• [EXERCISE GOAL] Only one stretch of the data below is wanted: the lines from the one with "photo-avant-renovation-facade-chatillon-sur-chalaronne" through the one with "Airex Gymnastikmatte „Fitline", repeated exactly.
*** Begin section ***
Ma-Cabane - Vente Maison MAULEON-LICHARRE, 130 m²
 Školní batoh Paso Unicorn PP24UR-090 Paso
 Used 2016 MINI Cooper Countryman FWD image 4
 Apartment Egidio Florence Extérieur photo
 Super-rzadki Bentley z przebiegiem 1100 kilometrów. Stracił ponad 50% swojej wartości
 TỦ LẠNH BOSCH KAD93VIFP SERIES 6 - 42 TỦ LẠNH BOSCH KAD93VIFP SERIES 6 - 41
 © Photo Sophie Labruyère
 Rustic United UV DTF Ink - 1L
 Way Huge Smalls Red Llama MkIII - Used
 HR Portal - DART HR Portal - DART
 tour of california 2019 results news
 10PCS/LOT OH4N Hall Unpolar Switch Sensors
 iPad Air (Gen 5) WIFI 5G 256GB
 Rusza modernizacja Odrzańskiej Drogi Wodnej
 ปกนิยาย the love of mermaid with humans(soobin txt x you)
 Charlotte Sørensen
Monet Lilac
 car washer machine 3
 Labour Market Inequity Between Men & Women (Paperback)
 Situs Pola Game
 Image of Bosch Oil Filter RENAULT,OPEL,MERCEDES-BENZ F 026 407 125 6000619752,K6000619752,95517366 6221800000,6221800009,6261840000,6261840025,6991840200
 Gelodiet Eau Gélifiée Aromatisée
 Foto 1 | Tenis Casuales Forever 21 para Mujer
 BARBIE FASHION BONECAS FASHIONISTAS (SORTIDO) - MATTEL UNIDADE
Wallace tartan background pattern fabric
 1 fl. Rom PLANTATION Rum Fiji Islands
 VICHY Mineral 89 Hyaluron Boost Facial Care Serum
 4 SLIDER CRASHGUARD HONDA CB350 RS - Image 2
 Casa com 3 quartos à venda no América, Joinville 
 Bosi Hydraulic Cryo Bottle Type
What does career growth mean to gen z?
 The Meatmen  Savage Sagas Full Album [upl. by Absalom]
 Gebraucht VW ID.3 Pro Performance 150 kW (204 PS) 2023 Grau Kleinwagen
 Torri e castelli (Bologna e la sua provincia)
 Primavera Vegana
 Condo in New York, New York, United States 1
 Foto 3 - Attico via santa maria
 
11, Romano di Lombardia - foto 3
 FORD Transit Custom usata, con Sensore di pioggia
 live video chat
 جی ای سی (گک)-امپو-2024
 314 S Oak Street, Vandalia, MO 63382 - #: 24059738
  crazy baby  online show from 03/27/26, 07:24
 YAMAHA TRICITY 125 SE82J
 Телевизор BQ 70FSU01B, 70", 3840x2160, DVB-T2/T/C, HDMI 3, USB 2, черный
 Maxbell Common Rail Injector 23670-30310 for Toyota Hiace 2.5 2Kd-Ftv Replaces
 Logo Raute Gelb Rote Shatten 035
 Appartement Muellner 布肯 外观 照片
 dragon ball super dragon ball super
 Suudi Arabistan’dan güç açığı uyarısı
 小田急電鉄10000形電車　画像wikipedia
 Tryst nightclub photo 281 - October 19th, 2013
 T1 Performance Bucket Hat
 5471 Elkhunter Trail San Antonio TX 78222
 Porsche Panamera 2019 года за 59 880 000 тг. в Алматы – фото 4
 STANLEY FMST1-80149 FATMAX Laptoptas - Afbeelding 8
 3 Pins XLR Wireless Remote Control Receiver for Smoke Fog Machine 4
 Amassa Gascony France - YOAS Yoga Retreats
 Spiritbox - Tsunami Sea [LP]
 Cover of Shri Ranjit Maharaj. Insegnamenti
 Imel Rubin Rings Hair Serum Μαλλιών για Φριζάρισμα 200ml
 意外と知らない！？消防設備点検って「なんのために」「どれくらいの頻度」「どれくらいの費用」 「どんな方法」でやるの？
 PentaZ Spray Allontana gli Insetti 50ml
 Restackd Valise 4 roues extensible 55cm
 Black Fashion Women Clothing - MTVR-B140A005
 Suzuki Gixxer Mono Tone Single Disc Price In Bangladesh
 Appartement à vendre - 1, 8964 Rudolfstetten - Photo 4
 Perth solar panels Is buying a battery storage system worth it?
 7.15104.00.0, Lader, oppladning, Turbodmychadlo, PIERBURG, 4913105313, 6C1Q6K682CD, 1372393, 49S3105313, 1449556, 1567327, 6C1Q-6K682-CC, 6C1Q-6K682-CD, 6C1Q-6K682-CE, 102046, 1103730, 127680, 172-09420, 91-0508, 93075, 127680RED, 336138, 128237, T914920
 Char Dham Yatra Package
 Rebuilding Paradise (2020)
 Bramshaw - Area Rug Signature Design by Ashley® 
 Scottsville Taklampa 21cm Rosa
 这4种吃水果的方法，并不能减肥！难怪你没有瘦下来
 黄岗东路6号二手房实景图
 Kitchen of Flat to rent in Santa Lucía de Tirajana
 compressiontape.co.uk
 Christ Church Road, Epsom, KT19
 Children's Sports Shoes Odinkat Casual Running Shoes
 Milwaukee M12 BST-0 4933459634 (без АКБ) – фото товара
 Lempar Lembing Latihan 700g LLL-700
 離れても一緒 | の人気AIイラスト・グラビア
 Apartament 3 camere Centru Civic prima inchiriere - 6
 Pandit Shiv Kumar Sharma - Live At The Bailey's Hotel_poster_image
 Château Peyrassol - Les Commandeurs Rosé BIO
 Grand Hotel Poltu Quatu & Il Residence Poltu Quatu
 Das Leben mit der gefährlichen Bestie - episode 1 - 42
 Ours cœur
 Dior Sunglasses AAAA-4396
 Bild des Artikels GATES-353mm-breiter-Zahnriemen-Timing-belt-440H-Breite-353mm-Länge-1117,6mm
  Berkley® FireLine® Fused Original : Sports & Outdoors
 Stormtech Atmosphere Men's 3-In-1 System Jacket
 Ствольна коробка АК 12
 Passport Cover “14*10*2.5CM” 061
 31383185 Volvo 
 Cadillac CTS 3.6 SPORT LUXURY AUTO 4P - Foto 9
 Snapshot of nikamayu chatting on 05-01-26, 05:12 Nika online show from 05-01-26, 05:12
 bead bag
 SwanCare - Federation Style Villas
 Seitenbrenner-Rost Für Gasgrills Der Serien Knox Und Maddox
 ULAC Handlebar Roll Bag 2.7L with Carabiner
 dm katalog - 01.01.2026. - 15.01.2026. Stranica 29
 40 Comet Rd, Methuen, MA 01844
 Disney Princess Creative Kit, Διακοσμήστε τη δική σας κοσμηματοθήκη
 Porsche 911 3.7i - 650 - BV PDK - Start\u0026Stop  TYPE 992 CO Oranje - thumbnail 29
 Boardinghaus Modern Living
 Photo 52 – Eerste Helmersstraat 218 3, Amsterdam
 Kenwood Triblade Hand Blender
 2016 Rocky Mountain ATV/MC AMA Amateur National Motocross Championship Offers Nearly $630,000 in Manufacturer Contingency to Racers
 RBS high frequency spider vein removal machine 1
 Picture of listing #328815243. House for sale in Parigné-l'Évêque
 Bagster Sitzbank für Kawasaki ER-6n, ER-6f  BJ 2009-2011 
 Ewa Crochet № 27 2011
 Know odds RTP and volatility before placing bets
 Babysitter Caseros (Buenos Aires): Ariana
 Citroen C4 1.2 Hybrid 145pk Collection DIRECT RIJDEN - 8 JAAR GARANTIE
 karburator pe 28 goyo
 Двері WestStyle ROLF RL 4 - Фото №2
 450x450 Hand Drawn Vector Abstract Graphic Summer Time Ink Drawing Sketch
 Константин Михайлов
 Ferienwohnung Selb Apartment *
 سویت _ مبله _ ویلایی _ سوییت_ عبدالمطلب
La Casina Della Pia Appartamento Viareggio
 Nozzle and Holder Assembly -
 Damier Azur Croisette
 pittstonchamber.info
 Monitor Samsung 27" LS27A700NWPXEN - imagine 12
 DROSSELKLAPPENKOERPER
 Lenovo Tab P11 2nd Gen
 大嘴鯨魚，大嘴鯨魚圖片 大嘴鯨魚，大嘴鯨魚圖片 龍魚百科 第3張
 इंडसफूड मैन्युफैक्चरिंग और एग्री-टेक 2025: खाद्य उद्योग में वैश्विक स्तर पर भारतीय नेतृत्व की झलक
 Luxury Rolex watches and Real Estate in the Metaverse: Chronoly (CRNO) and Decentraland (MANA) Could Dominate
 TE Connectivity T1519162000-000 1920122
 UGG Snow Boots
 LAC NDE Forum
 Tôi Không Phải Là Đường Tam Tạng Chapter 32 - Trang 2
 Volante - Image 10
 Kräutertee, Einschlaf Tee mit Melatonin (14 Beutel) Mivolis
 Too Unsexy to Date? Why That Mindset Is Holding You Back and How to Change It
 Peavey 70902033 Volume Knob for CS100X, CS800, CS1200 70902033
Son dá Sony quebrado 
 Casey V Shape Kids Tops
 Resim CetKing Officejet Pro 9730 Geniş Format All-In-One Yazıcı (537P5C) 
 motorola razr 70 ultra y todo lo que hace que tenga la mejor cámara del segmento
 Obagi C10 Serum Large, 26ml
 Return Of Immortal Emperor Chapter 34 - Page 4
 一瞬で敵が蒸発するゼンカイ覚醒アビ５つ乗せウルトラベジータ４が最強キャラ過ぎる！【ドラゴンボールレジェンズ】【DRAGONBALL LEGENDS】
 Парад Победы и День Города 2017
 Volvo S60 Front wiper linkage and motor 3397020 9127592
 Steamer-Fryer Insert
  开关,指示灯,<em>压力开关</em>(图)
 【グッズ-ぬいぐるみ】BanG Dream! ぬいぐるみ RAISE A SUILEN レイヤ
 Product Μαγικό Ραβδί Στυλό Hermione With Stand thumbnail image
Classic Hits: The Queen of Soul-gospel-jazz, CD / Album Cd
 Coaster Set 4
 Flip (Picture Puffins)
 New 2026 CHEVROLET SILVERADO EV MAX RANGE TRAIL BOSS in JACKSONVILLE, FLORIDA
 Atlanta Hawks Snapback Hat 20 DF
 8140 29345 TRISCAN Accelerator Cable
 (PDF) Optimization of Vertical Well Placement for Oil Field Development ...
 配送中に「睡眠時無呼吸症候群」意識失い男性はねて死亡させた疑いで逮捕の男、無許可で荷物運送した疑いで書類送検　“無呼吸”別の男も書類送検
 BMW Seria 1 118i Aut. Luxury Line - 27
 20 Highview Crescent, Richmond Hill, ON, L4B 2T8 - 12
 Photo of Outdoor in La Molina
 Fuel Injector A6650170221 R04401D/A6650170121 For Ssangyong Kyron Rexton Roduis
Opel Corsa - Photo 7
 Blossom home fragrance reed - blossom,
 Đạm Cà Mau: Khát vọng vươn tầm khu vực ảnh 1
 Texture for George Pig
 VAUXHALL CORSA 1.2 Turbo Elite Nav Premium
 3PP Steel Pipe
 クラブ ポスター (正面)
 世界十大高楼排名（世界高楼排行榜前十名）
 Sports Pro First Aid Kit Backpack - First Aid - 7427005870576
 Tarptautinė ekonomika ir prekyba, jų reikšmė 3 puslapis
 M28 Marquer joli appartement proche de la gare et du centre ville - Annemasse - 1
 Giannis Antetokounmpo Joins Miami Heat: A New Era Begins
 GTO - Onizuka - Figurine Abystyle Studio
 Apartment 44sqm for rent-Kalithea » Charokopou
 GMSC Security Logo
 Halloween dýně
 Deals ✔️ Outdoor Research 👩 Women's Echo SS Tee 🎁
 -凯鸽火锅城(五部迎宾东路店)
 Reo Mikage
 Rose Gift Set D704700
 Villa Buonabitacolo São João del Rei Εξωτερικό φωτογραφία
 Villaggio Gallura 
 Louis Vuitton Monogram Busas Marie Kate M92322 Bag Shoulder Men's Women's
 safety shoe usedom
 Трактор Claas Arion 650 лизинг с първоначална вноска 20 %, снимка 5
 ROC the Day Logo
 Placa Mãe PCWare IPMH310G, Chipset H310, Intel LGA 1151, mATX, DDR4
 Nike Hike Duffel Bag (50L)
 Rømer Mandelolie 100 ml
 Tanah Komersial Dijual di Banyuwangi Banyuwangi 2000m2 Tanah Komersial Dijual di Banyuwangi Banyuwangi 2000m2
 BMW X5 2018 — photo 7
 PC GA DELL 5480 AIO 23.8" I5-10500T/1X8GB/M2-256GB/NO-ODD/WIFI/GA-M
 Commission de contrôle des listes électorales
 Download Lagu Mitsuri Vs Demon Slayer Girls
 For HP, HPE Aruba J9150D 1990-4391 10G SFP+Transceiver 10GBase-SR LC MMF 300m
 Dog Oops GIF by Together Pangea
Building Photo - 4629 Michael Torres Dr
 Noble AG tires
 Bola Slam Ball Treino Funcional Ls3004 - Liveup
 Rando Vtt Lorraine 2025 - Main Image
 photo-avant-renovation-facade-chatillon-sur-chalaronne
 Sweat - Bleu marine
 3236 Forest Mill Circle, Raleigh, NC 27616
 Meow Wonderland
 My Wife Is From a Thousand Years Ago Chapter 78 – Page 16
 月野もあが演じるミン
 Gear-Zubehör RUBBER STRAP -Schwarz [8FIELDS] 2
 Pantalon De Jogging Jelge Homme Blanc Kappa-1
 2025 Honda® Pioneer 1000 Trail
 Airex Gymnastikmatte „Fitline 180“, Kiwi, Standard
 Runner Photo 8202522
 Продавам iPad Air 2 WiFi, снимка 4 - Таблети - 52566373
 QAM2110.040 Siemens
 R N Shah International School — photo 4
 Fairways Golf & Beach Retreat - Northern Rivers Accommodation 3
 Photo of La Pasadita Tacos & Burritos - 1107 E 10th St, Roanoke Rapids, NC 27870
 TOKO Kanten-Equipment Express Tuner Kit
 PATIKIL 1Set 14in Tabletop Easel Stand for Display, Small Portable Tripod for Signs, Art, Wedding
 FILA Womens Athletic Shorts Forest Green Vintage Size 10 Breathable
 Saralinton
*** End section ***
• [FINAL ANSWER]
 photo-avant-renovation-facade-chatillon-sur-chalaronne
 Sweat - Bleu marine
 3236 Forest Mill Circle, Raleigh, NC 27616
 Meow Wonderland
 My Wife Is From a Thousand Years Ago Chapter 78 – Page 16
 月野もあが演じるミン
 Gear-Zubehör RUBBER STRAP -Schwarz [8FIELDS] 2
 Pantalon De Jogging Jelge Homme Blanc Kappa-1
 2025 Honda® Pioneer 1000 Trail
 Airex Gymnastikmatte „Fitline 180“, Kiwi, Standard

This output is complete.